Eder. Óleo de Irene Gracia
Javier Rioyo
Volveré con él. Hoy, 25 años después de que el hombre que no envejecía, el joven Cortázar, el amigo que llegó de sus invenciones, el que nos hizo querer más el jazz y a algunas mujeres, el que nos incitó a pintar las paredes de los metros con historias de cronopios, tiene que estar en este lugar refugio de cronopios y espanto de famas. O mejor, no, que no se vayan ni ellos, ni las esperanzas. La casa es mejor que sea tomada por gentes distintas y la vida tiene que ser plural y abierta, tiene que continuar misteriosa en los parques y en las habitaciones. Muchas veces las invenciones son verídicas. Cuentan cosas que nos han pasado aquí Cortázar cuenta algo que me terminó por pasar. Ese señor del relato era yo.
"Historia verídica
A un señor se le caen al suelo los anteojos, que hacen un ruido horrible al chocar las baldosas. El señor se agacha afiligidísimo porque los cristales de los anteojos cuestas muy caros, pero descubre con asombro que por milagro no se le han roto.

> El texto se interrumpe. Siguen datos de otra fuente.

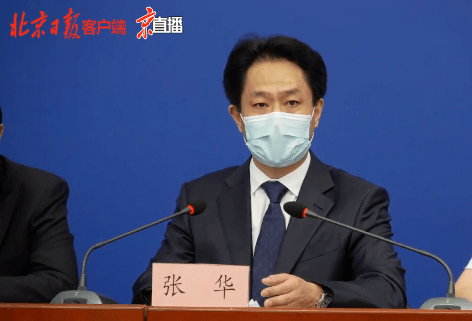 【北京昨日确诊病例最大86岁/北京昨日确诊病例最大86岁以上】-第1张图片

Ahora el señor se siente profundamente agradecido y comprende que lo ocurrido vale por una advertencia amistosa, de modo que se encamina a una casa de óptica y adquiere en seguida un estuche de cuero almohadillado doble protección, a fin de curarse en salud. Una hora más tarde se le cae el estuche, y al agacharse sin mayor inquietud descubre que los anteojos se han hecho polvo. A este señor le lleva un rato comprender que los designios de la Providencia son inescrutables y que en realidad el milagro ha ocurrido ahora."